Here is the trap: You can buy a "SIL 3 Capable" pressure transmitter and a "SIL 3 Certified" PLC. But if you connect them to a standard industrial ball valve that gets stuck if not operated for six months, your entire loop is likely SIL 0.
The Final Element usually accounts for 50% to 70% of the total PFD of the loop. Focusing on the sensor while ignoring the valve is a classic rookie mistake.
Voting Logic: 1oo1 vs. 1oo2
When a single sensor isn't reliable enough to meet the target SIL level, we use redundancy. This changes the architecture of the loop.
1oo1 (One out of One)
This is a single transmitter. If it works, you are safe. If it fails dangerously, you are unsafe.
Pros: Cheap. Simple.
Cons: High PFD. Hard to achieve SIL 2 without frequent testing. High nuisance trip rate (if the sensor fails "safe," the plant trips unnecessarily).
1oo2 (One out of Two)
You install two transmitters. The logic is: "If Transmitter A OR Transmitter B says trip, then trip."
Pros: Extremely safe. If one sensor fails dangerously (blind), the other one still protects the plant. This architecture drastically lowers PFDavg, making SIL 2 or SIL 3 easier to achieve.
Cons: High Spurious Trip Rate (STR). If either transmitter fails "safe" (e.g., a loose wire), the plant trips. You have doubled your chance of a false alarm.
2oo3 (Two out of Three)
The gold standard. You use three transmitters. The logic is: "Trip only if two sensors agree."
Pros: High safety (SIL 3 capable) AND high availability. One sensor can fail safe without tripping the plant.

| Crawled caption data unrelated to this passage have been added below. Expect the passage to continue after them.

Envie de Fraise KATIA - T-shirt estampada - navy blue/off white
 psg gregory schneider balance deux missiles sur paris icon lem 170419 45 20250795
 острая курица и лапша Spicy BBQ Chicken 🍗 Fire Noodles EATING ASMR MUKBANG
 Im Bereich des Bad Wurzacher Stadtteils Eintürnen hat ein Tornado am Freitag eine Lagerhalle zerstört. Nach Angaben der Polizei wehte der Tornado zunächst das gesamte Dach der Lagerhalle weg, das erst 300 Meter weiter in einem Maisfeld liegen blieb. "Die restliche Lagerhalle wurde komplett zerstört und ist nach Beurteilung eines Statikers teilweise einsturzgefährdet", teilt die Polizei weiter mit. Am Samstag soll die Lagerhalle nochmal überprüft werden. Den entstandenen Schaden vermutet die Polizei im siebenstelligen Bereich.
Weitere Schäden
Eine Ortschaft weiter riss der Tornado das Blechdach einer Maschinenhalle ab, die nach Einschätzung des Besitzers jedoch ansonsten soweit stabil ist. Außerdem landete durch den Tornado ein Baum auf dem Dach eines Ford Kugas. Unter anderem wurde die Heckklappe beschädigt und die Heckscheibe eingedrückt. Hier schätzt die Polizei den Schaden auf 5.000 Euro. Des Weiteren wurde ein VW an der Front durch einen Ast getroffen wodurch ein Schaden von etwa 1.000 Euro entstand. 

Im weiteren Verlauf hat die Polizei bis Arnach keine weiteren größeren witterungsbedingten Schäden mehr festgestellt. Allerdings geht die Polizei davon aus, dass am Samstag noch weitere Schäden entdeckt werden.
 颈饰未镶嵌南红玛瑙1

Cons: Expensive. Requires three process penetrations and complex logic.
The Hidden Variable: Proof Test Interval (T)
PFD is not a static number. It gets worse every day the device is in service. As time passes, the probability of a "stuck" component increases.
The only way to reset this probability is a Proof Test. This is a full functional test where you inject a pressure signal, watch the PLC logic react, and visually verify the valve closes fully and within the required time.
If you calculate your SIL level assuming a proof test every 12 months (T = 1 year), but operations only allows you to test every 3 years (T = 3 years), your PFD triples. You might drop from SIL 2 to SIL 1 just by delaying maintenance.
Conclusion: Architecture Wins Over Certification
Do not be lulled into a false sense of security by "SIL Certified" stickers on instruments. A SIL certificate is just a piece of paper stating the device's failure rates (λDU, λDD).
Real safety comes from the design. It comes from choosing a 1oo2 voting architecture for critical hazards. It comes from selecting high-quality valves that don't stick. And most importantly, it comes from the discipline of rigorous, periodic Proof Testing.
Verify Your Safety Loops
Functional safety math is complex. We offer tools to simplify the IEC 61508 equations and visualize your architecture:
- SIL Verification Calculator - Calculate PFDavg for 1oo1, 1oo2, and 2oo3.
- MTBF Calculator - Estimate reliability.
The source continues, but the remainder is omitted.